[Records from a data collection]
* * *

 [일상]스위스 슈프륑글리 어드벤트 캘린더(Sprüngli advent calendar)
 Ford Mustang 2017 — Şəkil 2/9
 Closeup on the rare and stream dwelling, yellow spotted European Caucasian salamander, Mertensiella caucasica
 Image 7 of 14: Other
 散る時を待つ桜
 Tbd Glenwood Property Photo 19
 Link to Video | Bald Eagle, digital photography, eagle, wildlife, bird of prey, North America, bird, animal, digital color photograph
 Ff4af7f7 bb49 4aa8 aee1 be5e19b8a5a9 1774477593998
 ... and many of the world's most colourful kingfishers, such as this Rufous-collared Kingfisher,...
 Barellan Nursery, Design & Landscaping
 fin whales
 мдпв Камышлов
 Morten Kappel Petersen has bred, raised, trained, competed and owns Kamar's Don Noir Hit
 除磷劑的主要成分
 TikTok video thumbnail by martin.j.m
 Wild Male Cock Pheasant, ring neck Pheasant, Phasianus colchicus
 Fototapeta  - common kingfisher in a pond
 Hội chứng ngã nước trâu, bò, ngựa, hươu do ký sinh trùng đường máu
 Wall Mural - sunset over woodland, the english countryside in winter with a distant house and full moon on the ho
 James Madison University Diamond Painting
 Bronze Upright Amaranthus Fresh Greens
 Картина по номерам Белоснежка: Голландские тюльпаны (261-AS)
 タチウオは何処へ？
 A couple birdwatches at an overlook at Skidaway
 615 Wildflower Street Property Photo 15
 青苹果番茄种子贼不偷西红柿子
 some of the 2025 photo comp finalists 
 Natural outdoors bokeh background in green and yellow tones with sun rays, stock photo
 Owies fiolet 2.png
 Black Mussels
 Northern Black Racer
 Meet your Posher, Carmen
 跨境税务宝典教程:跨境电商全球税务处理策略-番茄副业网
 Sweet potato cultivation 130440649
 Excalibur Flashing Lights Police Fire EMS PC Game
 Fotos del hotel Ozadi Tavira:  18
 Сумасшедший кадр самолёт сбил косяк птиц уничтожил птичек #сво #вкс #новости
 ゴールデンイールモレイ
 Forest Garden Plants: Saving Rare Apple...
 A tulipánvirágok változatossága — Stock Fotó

* * *

- EXERCISE
Extract exactly and only the lines above from the line containing "TikTok video thumbnail by martin.j.m" through the line containing "James Madison University Diamond Painting", both end lines included.

- SOLUTION TO THIS PROBLEM
 TikTok video thumbnail by martin.j.m
 Wild Male Cock Pheasant, ring neck Pheasant, Phasianus colchicus
 Fototapeta  - common kingfisher in a pond
 Hội chứng ngã nước trâu, bò, ngựa, hươu do ký sinh trùng đường máu
 Wall Mural - sunset over woodland, the english countryside in winter with a distant house and full moon on the ho
 James Madison University Diamond Painting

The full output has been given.